Initially, L. J. Hurst worked in the backrooms of the media industry. He now divides his time between work for an international scientific publisher and a rather more British independent bookseller. In years past he was a regular attendee at the Shots on the Page Festivals from whence Shots Mag sprung
It always helps to have a bent copper in your pocket, but one bent copper is never enough as David Blake finds as he tries to run his north-eastern empire of crime while anonymous enemies are out to kill him and cut in on his turf. Blake has already made himself number one in Newcastle and then relocated to a distant headquarters in Thailand for his health’s sake, but as other super-villains have found recently you need to jet in sometimes to take control personally.
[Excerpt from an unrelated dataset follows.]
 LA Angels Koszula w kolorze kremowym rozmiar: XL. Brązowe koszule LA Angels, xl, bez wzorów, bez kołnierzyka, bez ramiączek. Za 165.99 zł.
Blake has a brother and a couple of trusted right-hand men. They may not be enough: he also has lost his main heroin supplier and needs to find another source, while the feral underclass who deal and use his scag are so fearsome that he dare not enter the Sunnydale estate, where Braddock lords it from a penthouse constructed from the top floor of a tower block. One day Braddock wants to leave the estate and he does not plan to do it in a hearse.
If you want to know a bit more about Blake – he has a live-in girlfriend who was the daughter of his former boss. Blake stepped into a dead man’s shoes, but Sarah does not know that it was Blake killed her old man. Learning that would surprise her, but Blake’s survival depends on his being one jump ahead and on seeing the other side. Who could be on the other side – could it be those right-hand men, those business rivals who offer him a partnership in taking over Edinburgh, the Turkish drug pushers? Or could it be the sweet girl in the Gosforth brothel?
For one sitting I suspended my disbelief (because Blake is a nasty piece of work) becoming immersed in the tightening skein of his struggles and his victories, and in that one sitting I finished the book. The Damage is gripping.